You're not the last one: if I don't see a move quite early in it's public release, then it's better for me to wait for PPV; I hate mid-to-late-buzz time.
2: That worked. I was wondering whether it would. I know people who went to or worked for Wesleyan who still have plain old wesleyan.edu accounts, and I think that Stanford gives people actual e-mail addresses. My alumna account is just a forwarding address.
I meant to say in comment 4, "Huh, that worked for you? I'm not sure that mine will."
I have a feeling that the Times will know how to filter out my post.university.edu acoount.
this worked for me, too, with my northwestern address though i finished my masters several months ago. thanks!

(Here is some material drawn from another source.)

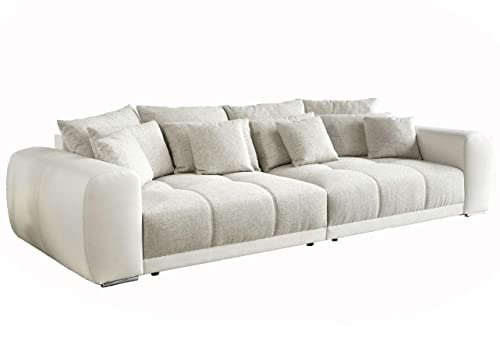 Big Sofa XXL 306x134 cm, Lounge Couch mit hochwertiger Federkernpolsterung, viele Kissen, Liegefläche 120x240 cm, Korpus Kunstleder Weiß und Bezug Strukturstoff Grau Beige / 15113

That was easy- I have 2 .edu alumni forwarding addresses (one undergrad, one grad.) Seems like you sort of need to lie, saying that you're staff or student when alumni is not an option, and I put my graduation date well into the future so my access doesn't expire.
5- Post.harvard.edu? Works for me.
From Atrios:
But the Times said it doesn't believe most alumni will cheat. "It's an honor system," said Vivian Schiller, senior VP-general manager, NYTimes.com. "And we're assuming that the alumni of this nation's colleges and universities have a thorough enough education in ethics to keep them honest."
Deontic, consequentialist, or emotive ethics? Runaway trolley ethics? Brain-in-vat ethics?
My own feeling is that a single mouse orgasm would be more than enough to compensate for a whole universe of fraudulent Times Select registrations.
It's not even a matter of alumni. I could forward my confirmation email around to anyone, since the only info it embodies is my email address.
Well damn. I just signed up with my current university email account, and it sent a message to that account saying that they couldn't verify my address. Wtf?
But that would be Dishonest, and since you have a .edu address it means you would never do such a thing.
Here, try mine. HINT: this school is located in California.